0
votes

I'm trying to figure out the most efficient way to load data from Cloud storage to BigQuery. By efficient I mean - Preferably I don't want to split data into smaller sets to upload each subset separately - Uncompressing my data so I can leverage the 5TB limit of bq tool is also not practical for my purpose, which is to upload more than 30 (>4GB) datasets into separate BigQuery tables.

I've looked into the following alternatives: 1. bq load - has 4GB limit on compressed data 2. split data, convert to pandas dataframe, convert to json, load into BQ - this requires splitting, which I would like to avoid given the number of datasets I have to upload and that they all have different row sizes, so it will not be trivial to automate the task in hand. 3. Cloud Dataflow?

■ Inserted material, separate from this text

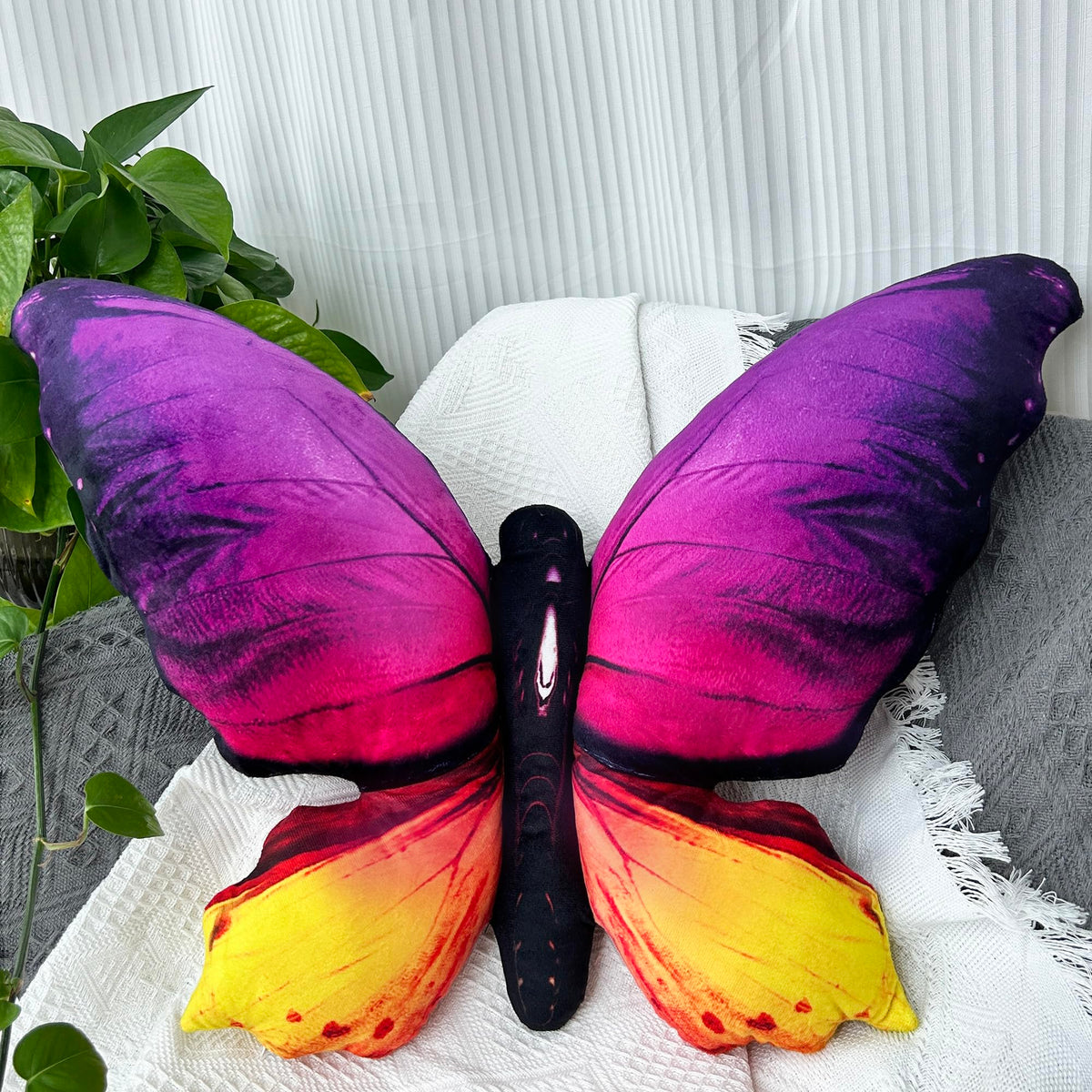 Butterfly Decoritive Thow Pillow 25" x 16.5", Butterfly Gifts for Women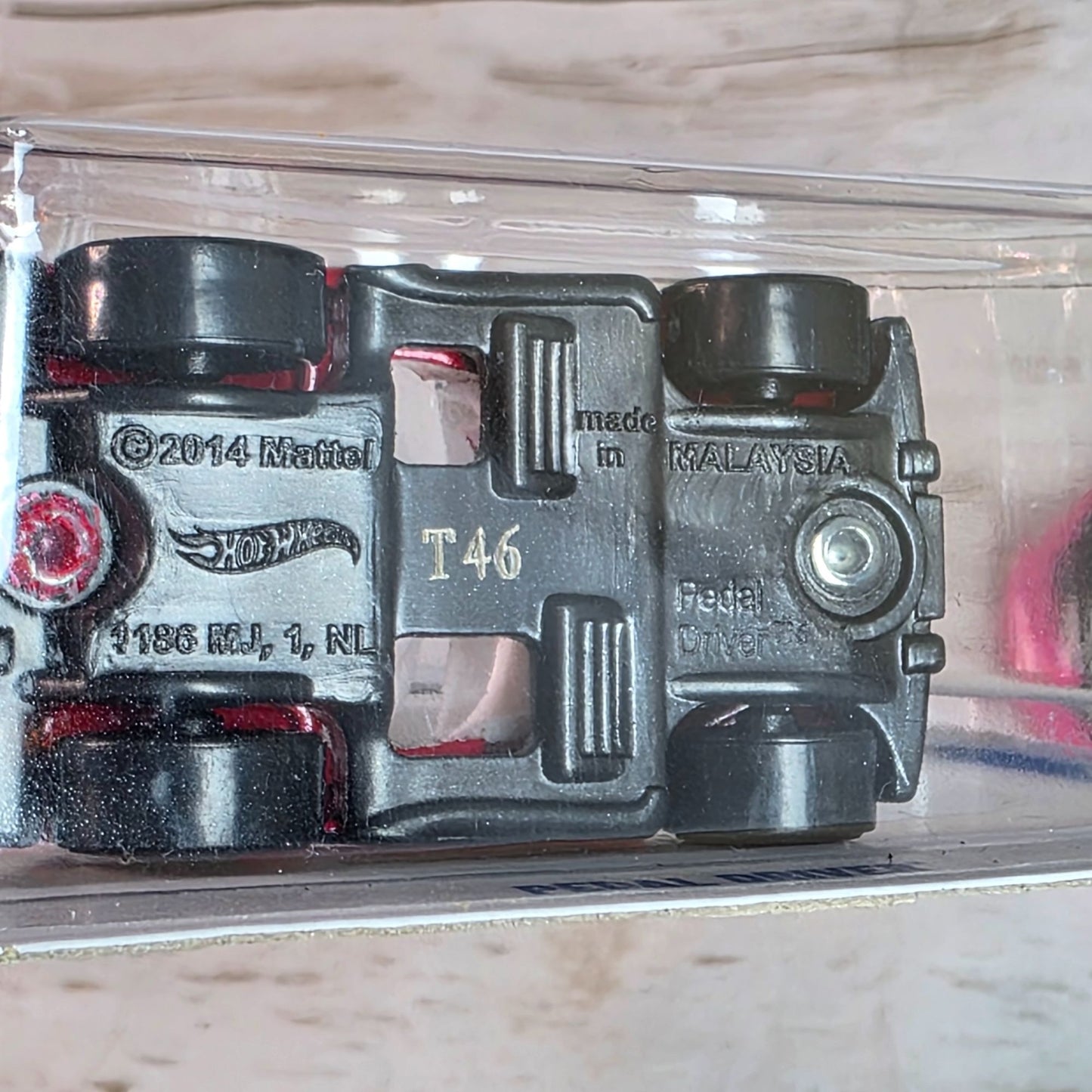 Hot Wheels Pedal Driver TH Red Die-Cast Toy Car 95/250 Limited Edition Netflix Series Special Feature 4/5 Collectible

I haven't looked into the details of Dataflow, but my overall question is this - for large datasets, which is a better option - to split data and run batch uploads or to stream data i.e. insert one row at a time from Cloud Storage to BQ?

1
In your case, I would 100% voted against streamingMikhail Berlyant
Note that .gz files are not a shardable compression format, so using very large .gz files for data storage is going to present problems in any large scale data analysis framework. Even if 100GB .gz files are supported, it's going to take a long time for a single worker to process that file.Michael Sheldon

1 Answers

1
votes

Almost certainly, the simplest option will be to decompress the data, copy it into GCS, and load it into BigQuery from there. All of your other suggestions are either going to be more expensive, more work, or less likely to scale.

The only downsides of using the decompressed input data is that the network upload time is longer and you'll pay more for storing it in GCS. That said, it only needs to be in GCS for a few minutes while you load it into bigquery.